Die vermeintlichen Gemäßigten gehen geschwächt in den Bundesparteitag

Der Weg zum Führerprinzip ist bereitet: Künftig soll auch eine Einzelspitze möglich sein

Aus Riesa Gareth Joswig

AfD-Chef Tino Chrupalla wollte in seiner Eröffnungsrede auf dem Bundesparteitag in Riesa integrieren. „Wir wollen die destruktive Stimmung der Vergangenheit hinter uns lassen“, sagte er. Es müsse ein Vorstand gewählt werden, der kollektiv und vertrauensvoll zusammenarbeite, dazu gehörten Disziplinierung und „Herausforderungen im Osten genau so wie im Westen“. Eine inhaltliche Idee, wie man den AfD-Abwärtsstrudel aus Mitgliederschwund, Wahlniederlagen und Streitigkeiten aufhalten will, nannte er nicht.

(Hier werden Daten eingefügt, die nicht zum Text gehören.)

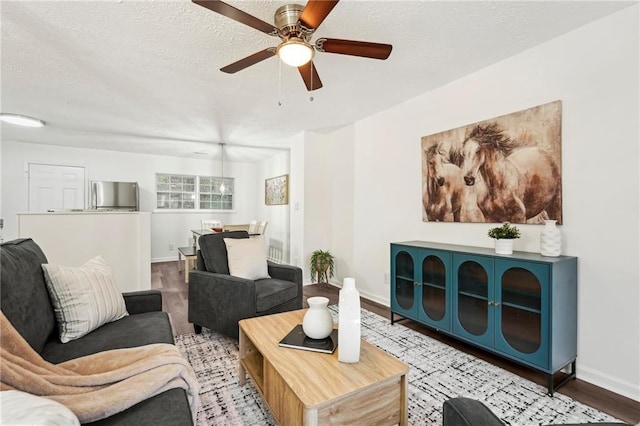 living area featuring ceiling fan, a textured ceiling, baseboards, and wood finished floors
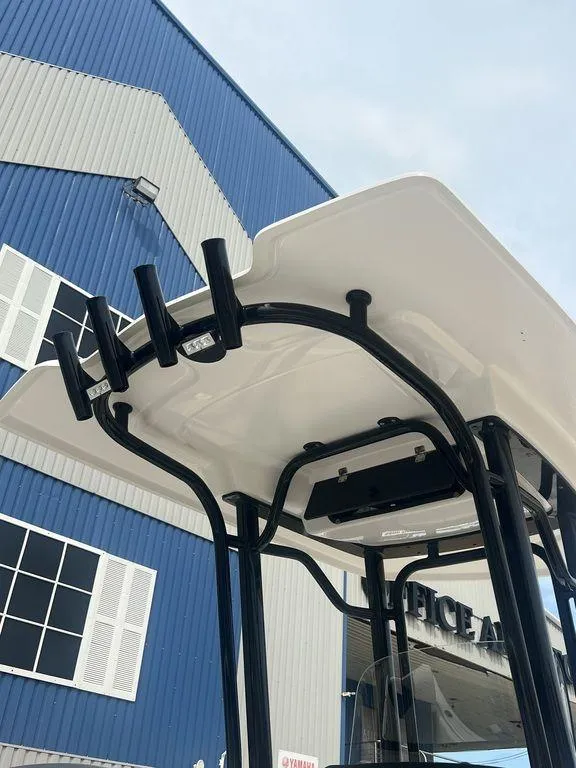 Slide: The Image of 2023 Robalo R242 boat T-top against industrial building background. - 8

Und bekam dann auch nur verhaltenen Applaus.

Seit Freitagvormittag tagt die extrem rechte AfD in einer riesigen Mehrzweckhalle in der sächsischen Kleinstadt Riesa. 565 Delegierte sind zugelassen. Chrupalla will wiedergewählt werden und im Vorstand einen erneuten Rechtsruck herbeiführen. Sollten er und sein Team durchkommen, hätte die völkische Strömung die Mehrheit im wichtigsten Parteigremium. Die alte Mehrheit der vermeintlich Gemäßigten um Ex-Mitglied Jörg Meuthen wäre dahin.

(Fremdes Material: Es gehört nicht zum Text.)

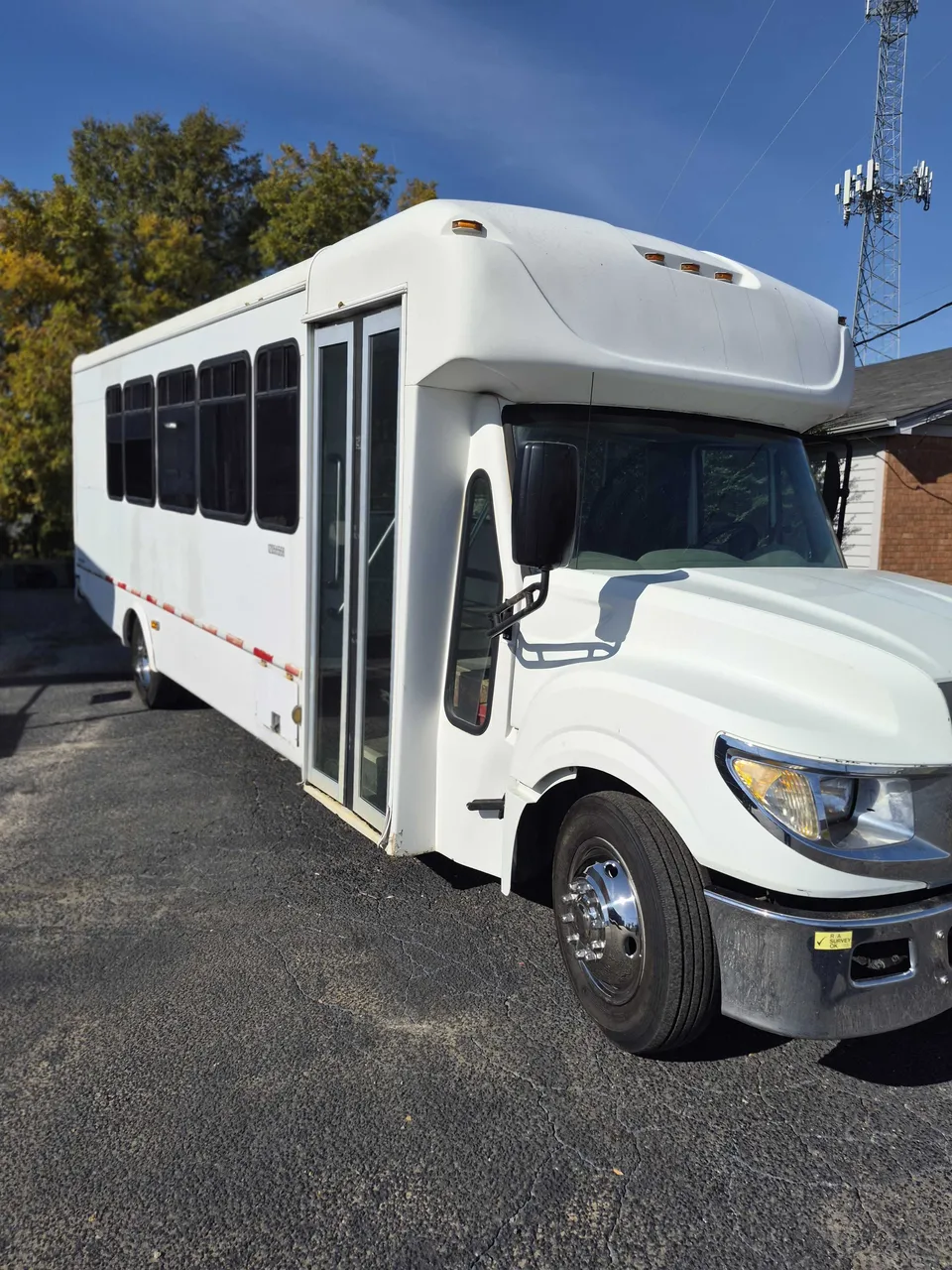 Silver 32 Passenger Limo Bus exterior with tinted windows, photo 4 for party bus rental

Der Rechtsruck schien bereits vor der für Freitagabend und Samstag geplanten Vorstandswahl greifbar: Die große Revolte gegen Chrupalla war abgeblasen – die Meuthen-Vertraute aus dem alten Vorstand Joana Cotar, die Chrupalla nach den kürzlichen Wahlniederlagen heftig kritisiert und seinen Rücktritt gefordert hatte, sagte der taz vor Parteitagsbeginn, dass sie nicht wieder antreten werde. Sie rechne damit, dass die Liste von Chrupalla in großen Teilen durchgewählt werde. „Ich werde mich jetzt auf die Digitalpolitik konzentrieren, das macht ohnehin mehr Spaß als Vorstandsarbeit“, sagte Cotar. Sie hätte auch mit einer weißen Fahne in den Saal kommen können.

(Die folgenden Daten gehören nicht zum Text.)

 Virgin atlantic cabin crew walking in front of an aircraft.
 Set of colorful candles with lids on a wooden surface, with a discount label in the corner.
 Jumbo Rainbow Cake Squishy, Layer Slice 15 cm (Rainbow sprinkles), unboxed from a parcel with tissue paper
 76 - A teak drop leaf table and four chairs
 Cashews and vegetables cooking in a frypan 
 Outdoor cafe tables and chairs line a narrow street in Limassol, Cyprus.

Der Weg zum Führerprinzip ist schon mal bereitet: Als erste wichtige Entscheidung stimmte der Parteitag am Freitagnachmittag für einen Antrag der Völkischen, dass künftig auch eine Einzelspitze statt der bisherigen konfliktträchtigen Doppelspitze möglich sein soll. Zuvor hatte sich Rechtsex­tremist und Thüringen-Chef Björn Höcke dafür ausgesprochen. Die Entscheidung fiel ohne Delegierte aus Berlin, die nach einem Urteil des Bundesschiedsgerichts wegen Wahlmanipulation bei der Aufstellung nicht teilnehmen durften.Auch Saarländer fehlten, deren Parteitag war gescheitert.